Das ist nicht mein Zitat oder eines von den Grünen, sondern vom Vorstand von Vattenfall. Ich freue mich sehr, dass zum Beispiel BP, Esso, Total große Anzeigen für regenerative Energien geschaltet haben. Das ist der Weg. Denn die Antwort von vorgestern, die Sie geben wollen – sie ist noch nicht einmal von vorgestern –, ist der Wiedereinstieg in den Atomstaat. Das kann es nicht sein.

(Beifall bei der GAL)

Das Merkelsche Horrorszenario vom langen Weiterbetrieb und vom Bau neuer AKW ist ein Verbrechen an unseren Kindern und den künftigen Generationen.

(Beifall bei der GAL)

Wir Grüne stehen für den Atomausstieg und für den Ausstieg aus der Atomenergie.

Ein zweiter Punkt. Wir hatten 16 Jahre lang Kohlschen Stillstand.

(Ah-Rufe bei der CDU)

Es ist jetzt erst gelungen, bei den Bürgerrechten und in der Gleichstellung in den letzten zwei Legislaturen verkrustete Gesetze aufzubrechen, zu verändern und zu erneuern.

(Beifall bei der GAL und der SPD)

Das ius sanguinis ist im neuen Staatsangehörigkeitsrecht abgeschafft worden. Die Tatsache, dass Deutschland ein Einwanderungsland ist, wurde endlich anerkannt. Da sind erste zarte Versuche, Einwanderung zu gestalten und zum Beispiel die Rechte der gleichgeschlechtlichen Lebenspartnerschaften endlich anzuerkennen. In den letzten Legislaturen ist in die Politik eine andere Kultur im Umgang mit den Minderheiten eingezogen, die für die Zivilgesellschaft und für das Gemeinwesen unabdingbar ist.

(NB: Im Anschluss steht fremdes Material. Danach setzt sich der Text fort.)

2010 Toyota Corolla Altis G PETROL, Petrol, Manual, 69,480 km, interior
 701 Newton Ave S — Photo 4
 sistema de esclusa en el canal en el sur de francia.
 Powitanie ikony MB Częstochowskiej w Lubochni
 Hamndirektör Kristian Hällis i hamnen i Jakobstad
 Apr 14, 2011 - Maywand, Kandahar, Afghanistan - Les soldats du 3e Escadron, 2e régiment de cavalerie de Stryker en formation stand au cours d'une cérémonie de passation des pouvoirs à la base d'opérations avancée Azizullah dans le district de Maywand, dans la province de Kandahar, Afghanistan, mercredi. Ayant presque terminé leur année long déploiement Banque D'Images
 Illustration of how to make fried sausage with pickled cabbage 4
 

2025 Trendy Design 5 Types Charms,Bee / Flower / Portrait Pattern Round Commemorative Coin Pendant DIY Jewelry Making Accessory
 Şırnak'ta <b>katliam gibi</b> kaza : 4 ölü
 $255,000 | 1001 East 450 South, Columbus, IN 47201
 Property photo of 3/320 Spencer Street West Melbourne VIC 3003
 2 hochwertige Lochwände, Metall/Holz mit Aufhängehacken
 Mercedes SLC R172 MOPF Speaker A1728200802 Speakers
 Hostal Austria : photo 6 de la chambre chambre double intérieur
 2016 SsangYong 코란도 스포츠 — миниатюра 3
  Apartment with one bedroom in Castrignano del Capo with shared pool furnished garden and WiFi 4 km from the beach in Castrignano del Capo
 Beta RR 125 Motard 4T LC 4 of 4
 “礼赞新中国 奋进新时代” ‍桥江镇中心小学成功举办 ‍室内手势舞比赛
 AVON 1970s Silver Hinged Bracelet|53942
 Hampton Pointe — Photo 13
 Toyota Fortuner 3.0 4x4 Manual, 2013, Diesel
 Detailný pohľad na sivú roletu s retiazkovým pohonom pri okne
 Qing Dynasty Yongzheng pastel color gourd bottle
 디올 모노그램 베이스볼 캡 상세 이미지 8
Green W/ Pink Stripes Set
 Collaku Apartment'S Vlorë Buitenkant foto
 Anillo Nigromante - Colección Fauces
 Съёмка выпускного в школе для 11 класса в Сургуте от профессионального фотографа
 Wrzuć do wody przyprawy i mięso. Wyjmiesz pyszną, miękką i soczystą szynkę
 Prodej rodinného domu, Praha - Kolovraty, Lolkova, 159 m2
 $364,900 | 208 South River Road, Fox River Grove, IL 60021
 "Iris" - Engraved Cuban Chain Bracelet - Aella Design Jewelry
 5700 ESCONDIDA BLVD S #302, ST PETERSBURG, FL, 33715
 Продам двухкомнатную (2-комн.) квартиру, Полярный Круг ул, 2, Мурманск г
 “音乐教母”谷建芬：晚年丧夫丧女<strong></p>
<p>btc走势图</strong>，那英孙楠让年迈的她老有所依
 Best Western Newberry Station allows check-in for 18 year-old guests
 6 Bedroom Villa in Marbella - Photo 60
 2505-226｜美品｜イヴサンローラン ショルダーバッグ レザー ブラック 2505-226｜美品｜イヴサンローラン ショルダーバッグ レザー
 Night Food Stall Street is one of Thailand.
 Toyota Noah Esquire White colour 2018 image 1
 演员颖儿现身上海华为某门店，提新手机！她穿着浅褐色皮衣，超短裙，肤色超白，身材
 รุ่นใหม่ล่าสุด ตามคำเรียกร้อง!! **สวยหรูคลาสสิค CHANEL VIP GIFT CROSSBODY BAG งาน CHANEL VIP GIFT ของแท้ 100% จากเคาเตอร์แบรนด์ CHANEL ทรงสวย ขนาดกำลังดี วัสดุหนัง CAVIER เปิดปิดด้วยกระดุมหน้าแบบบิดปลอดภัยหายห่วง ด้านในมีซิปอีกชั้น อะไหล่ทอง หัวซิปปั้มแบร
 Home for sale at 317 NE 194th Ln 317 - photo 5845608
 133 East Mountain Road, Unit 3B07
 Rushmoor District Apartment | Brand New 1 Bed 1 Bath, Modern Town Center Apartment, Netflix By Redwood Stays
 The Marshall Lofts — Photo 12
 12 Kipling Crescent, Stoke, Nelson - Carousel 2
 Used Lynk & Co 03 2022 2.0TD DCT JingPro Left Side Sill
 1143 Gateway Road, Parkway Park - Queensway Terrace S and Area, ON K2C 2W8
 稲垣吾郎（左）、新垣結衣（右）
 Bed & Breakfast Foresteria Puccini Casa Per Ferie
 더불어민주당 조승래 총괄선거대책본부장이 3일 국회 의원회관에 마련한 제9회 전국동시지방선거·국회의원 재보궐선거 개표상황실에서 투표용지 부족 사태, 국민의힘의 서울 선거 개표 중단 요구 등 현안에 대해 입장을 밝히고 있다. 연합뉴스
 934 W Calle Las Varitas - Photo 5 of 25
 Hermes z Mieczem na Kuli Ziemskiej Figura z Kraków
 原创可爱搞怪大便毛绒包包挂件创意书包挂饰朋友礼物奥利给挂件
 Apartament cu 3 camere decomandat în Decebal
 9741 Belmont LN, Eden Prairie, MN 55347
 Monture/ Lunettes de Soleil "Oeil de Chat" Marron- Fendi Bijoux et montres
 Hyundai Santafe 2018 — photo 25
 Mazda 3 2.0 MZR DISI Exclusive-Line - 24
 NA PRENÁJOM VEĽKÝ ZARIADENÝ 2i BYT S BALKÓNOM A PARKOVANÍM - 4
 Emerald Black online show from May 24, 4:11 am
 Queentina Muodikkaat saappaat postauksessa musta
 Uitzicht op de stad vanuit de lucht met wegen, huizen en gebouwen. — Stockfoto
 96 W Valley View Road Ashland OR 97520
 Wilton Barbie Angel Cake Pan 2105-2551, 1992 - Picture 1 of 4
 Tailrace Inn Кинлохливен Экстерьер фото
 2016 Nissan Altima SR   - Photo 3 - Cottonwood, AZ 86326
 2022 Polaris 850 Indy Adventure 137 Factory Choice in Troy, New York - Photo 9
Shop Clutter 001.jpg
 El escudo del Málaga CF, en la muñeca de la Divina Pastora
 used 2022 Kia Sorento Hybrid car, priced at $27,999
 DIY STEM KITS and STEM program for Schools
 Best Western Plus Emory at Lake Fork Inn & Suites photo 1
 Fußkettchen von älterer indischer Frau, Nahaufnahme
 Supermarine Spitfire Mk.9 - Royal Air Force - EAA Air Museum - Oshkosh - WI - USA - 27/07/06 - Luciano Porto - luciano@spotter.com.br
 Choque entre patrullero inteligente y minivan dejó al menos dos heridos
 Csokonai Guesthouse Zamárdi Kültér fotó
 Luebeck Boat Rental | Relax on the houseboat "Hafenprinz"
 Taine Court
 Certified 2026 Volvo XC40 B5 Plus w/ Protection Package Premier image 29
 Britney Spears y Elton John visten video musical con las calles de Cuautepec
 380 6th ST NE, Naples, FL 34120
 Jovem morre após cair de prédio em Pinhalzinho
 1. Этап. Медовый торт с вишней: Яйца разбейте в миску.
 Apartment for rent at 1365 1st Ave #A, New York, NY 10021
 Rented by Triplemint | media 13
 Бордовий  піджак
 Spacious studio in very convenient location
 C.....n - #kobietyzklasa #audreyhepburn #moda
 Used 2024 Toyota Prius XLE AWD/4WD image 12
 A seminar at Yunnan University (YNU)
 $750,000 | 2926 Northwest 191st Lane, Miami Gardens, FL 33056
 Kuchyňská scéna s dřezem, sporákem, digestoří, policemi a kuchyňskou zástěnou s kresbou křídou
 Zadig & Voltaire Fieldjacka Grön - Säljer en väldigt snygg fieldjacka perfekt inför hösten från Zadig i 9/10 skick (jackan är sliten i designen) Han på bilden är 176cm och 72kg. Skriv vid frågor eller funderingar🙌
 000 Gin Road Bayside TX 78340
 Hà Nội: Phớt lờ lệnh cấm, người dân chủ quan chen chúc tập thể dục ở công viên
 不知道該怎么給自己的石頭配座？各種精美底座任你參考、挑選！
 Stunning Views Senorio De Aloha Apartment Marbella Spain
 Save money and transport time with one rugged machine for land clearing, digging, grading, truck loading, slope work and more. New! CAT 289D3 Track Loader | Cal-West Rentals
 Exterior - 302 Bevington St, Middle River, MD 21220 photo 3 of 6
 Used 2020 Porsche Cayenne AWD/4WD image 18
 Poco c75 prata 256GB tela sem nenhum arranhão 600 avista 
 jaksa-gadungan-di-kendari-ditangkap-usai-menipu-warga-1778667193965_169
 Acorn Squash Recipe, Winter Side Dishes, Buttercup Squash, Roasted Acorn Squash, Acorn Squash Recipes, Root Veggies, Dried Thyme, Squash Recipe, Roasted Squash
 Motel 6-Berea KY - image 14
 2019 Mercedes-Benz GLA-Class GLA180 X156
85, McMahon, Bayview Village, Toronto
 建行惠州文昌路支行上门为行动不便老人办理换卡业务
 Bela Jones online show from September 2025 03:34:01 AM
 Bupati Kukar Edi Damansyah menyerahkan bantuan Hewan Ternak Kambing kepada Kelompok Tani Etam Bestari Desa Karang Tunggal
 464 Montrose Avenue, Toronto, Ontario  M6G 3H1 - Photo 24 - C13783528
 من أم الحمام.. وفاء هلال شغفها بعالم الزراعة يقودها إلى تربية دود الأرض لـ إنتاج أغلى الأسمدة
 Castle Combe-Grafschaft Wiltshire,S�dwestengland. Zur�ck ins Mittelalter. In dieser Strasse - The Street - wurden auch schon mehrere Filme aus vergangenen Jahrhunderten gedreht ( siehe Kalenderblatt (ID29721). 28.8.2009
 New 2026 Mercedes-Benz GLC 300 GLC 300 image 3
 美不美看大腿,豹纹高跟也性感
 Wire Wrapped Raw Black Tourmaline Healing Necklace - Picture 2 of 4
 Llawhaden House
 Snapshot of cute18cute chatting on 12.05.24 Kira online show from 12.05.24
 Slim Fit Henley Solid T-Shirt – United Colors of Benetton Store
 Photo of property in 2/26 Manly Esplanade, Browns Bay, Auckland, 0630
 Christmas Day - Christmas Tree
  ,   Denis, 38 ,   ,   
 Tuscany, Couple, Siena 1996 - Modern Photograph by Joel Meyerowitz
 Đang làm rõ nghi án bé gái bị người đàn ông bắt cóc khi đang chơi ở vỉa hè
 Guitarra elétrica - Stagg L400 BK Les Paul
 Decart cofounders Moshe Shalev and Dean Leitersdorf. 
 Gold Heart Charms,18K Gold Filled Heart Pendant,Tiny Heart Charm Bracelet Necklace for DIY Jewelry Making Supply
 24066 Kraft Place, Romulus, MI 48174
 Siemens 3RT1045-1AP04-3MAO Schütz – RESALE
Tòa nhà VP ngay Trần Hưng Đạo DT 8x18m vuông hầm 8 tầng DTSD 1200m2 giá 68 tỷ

(Beifall bei der GAL und der SPD)

Dass nun Informationsfreiheit und Antidiskriminierung im Stau stecken, ist bedauerlich. Diese Themen sind keine Luxusthemen, meine Damen und Herren von der CDU, sondern sie sind notwendig für die gesellschaftliche Modernisierung. Wir Grüne werden weiter für diese Themen streiten.

(Beifall bei der GAL und vereinzelt bei der CDU)

Über eines bin ich wirklich froh: Unser Land hatte im entscheidenden Moment eine Regierung, die sich nicht in das Abenteuer Irak-Krieg eingelassen hat.

(Beifall bei der GAL und der SPD)

Wir werden uns weiter für das alte Europa und für den Beitritt der Türkei in die EU einsetzen. – Danke, meine Damen und Herren.

(Beifall bei der GAL und vereinzelt bei der SPD)

Das Wort erhält der Abgeordnete Weinberg.

(Michael Neumann SPD: Kandidat Weinberg!)

Frau Präsidentin, sehr geehrte Damen und Herren! Liebe Frau Goetsch! Die Rede hat eines bewiesen: Nach gerade einmal siebenjähriger Regierungsverantwortung sind Sie da wieder angekommen, wo Sie einmal angefangen haben, nämlich bei der Frage Klimaschutz und weg vom Öl. Ich bin froh, dass Sie sich von anderen Politikfeldern mittlerweile wieder distanzieren.